Since the records include pictures, leave those out while you reproduce exactly and only the lines from the one containing "Correia Alça Guitarra" through the one containing "USA In Stock", inclusive.

● **Dataset**:
►
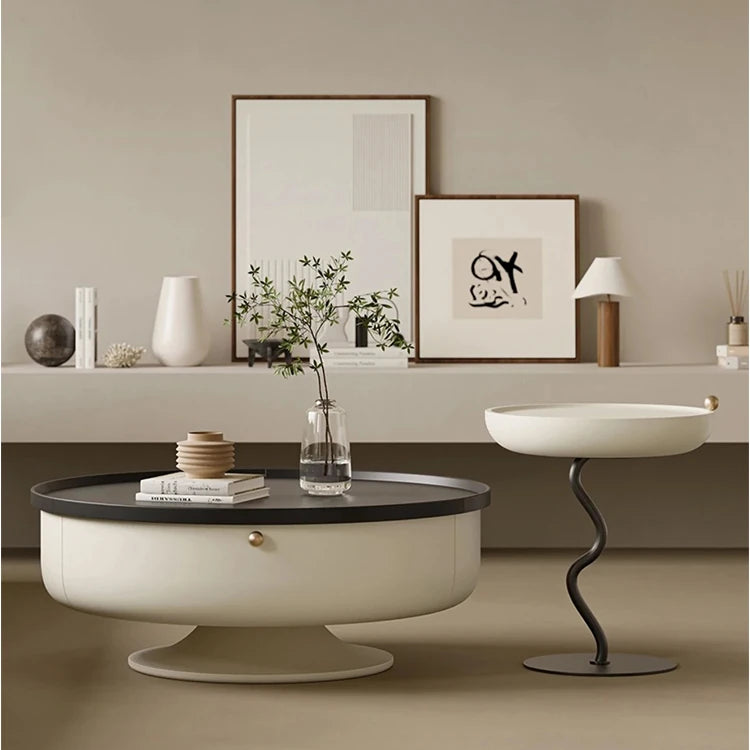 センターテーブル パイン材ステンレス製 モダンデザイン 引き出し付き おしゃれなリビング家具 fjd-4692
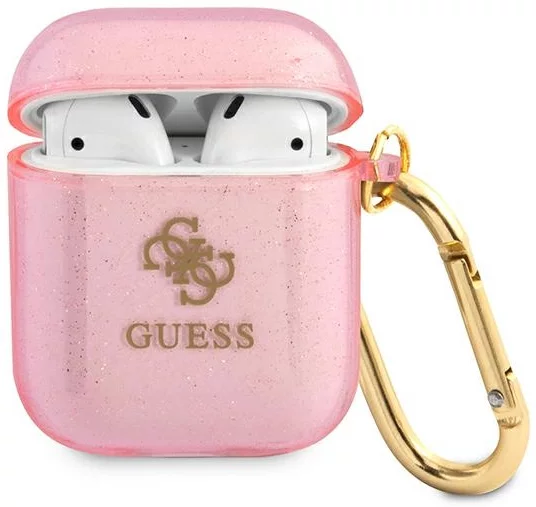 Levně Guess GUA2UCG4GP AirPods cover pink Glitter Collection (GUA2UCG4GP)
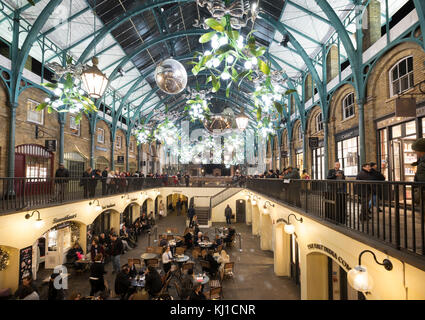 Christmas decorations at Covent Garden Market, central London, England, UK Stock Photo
◄
►
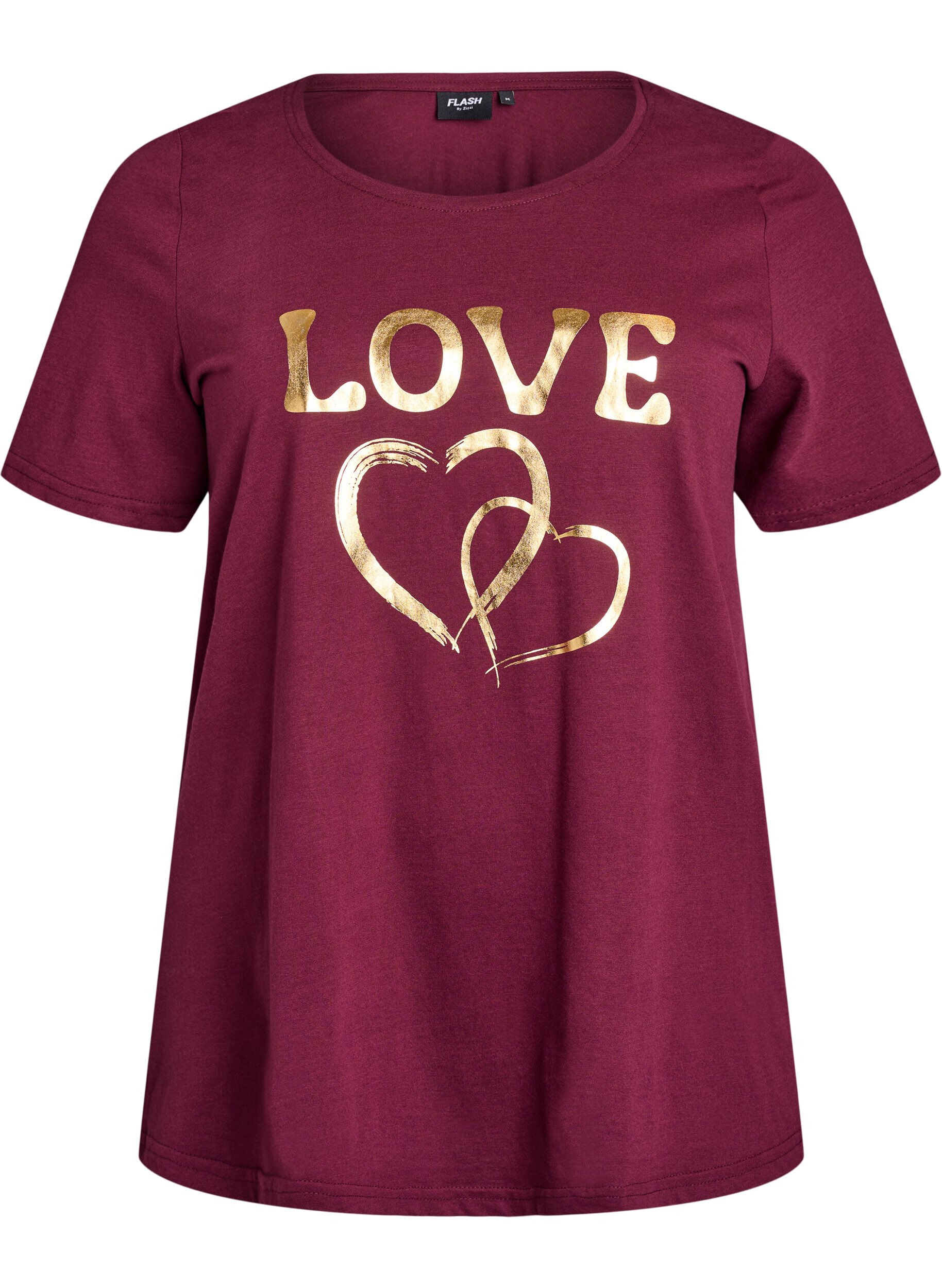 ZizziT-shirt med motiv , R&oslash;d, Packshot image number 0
◄
►
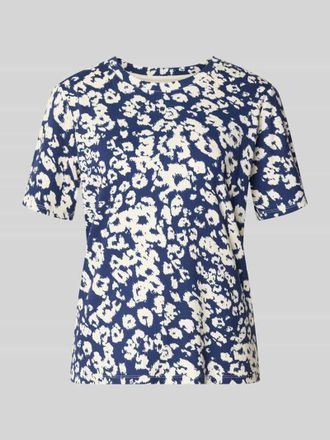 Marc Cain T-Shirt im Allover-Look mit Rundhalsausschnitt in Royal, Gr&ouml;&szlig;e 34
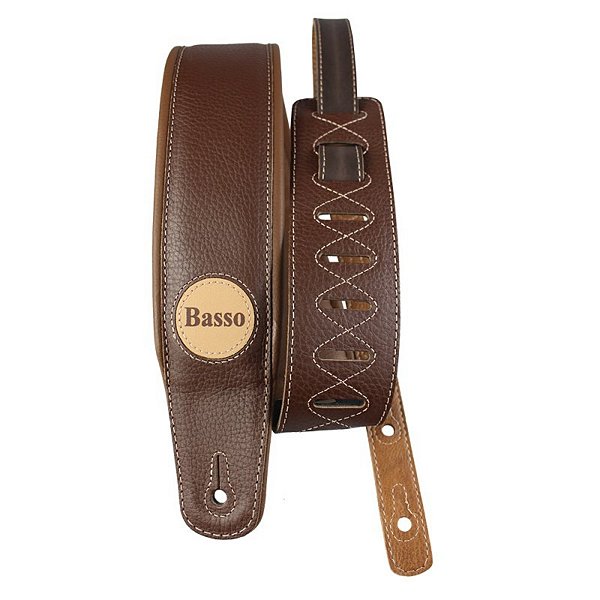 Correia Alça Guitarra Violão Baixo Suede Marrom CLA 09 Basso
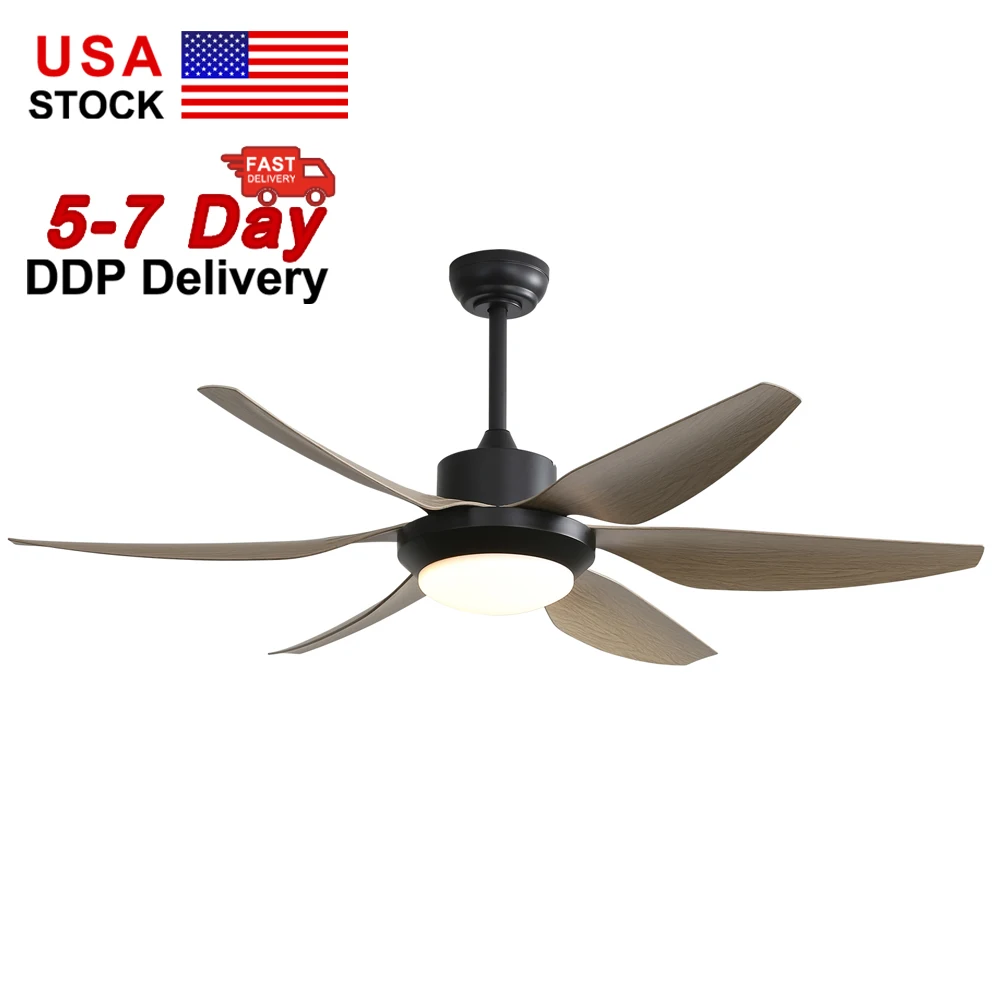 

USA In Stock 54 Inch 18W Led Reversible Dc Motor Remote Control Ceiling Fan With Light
◄
● **Solution to this problem**:
 Correia Alça Guitarra Violão Baixo Suede Marrom CLA 09 Basso

USA In Stock 54 Inch 18W Led Reversible Dc Motor Remote Control Ceiling Fan With Light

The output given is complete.